Kiosks. This falls under the “don’t do it” line of thinking. Rather than allow guest access onto the network, provide guest accounts to kiosk computers thru out the facility. Pros: no risk from infected computers; controlled environment. Cons: reduced collaboration; increased equipment costs; may cause political pushback.

Trust but verify. Dispatch a support person to scan any notebooks or media the vendor is bringing in. Ensure it meets your security standards. Have the guest sign an acceptable use policy. Pros: reduced risk of infected computers brought into the environment. Cons: increased personnel costs; decreased responsiveness time (which may translate to dollars, if the consultant cannot work; may cause political pushback.

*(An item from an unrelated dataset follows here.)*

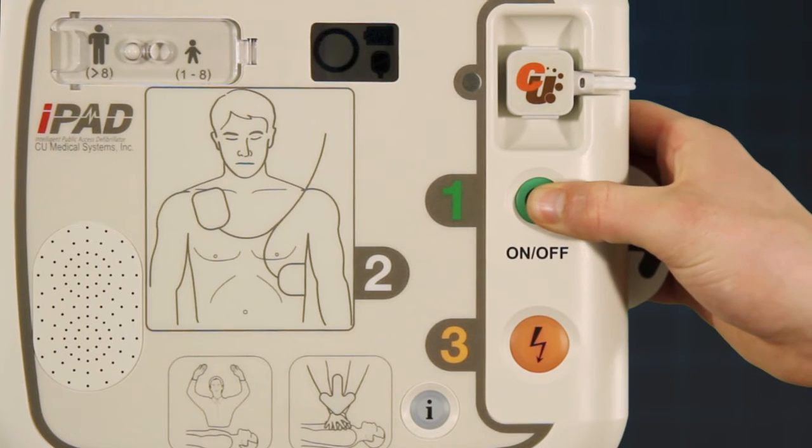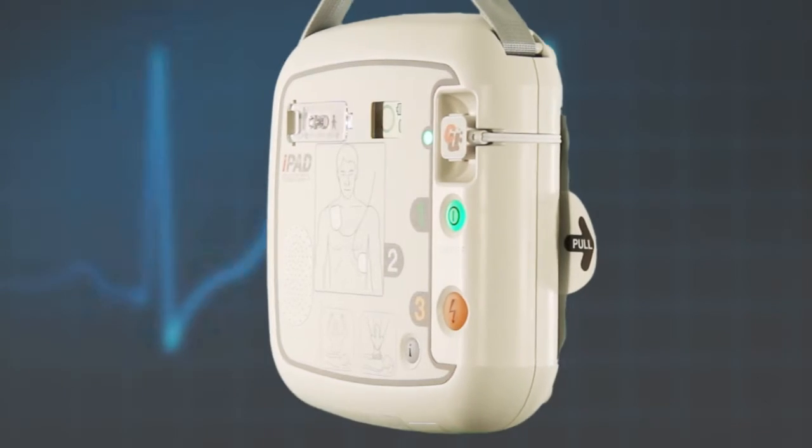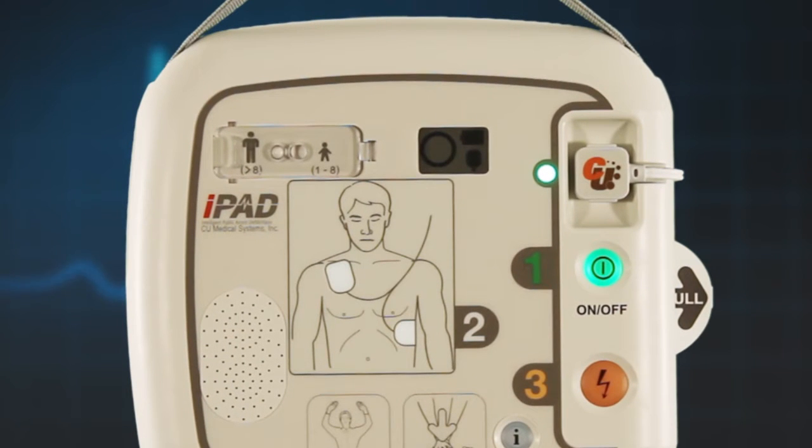To use the AED, first press the green on button. A green light next to the pads connector will illuminate to show if the electrode pads are properly connected. If that light is flashing, please check that the pads are correctly connected to the unit. If the light is constantly lit, the pad connection is good.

Trust but segment. Put computers not managed by the organization onto a separate network. I have seen this done two ways. Use network-level authentication and route computers onto a wired vlan. Alternatively, use network-level authentication to block all non-managed devices, and then provide guest wireless. Either way, keep the guest traffic separate from trusted traffic.

Trust but really segment. Take the last one a few notches further. I have seen separate network switches used for guests and production. The air gap is a good measure to prevent against accidental misconfiguration. I have also seen separate Internet connections, to avoid the guest traffic competing for bandwidth.

Those are some options. Are you using one that I did not cover? Let’s discuss.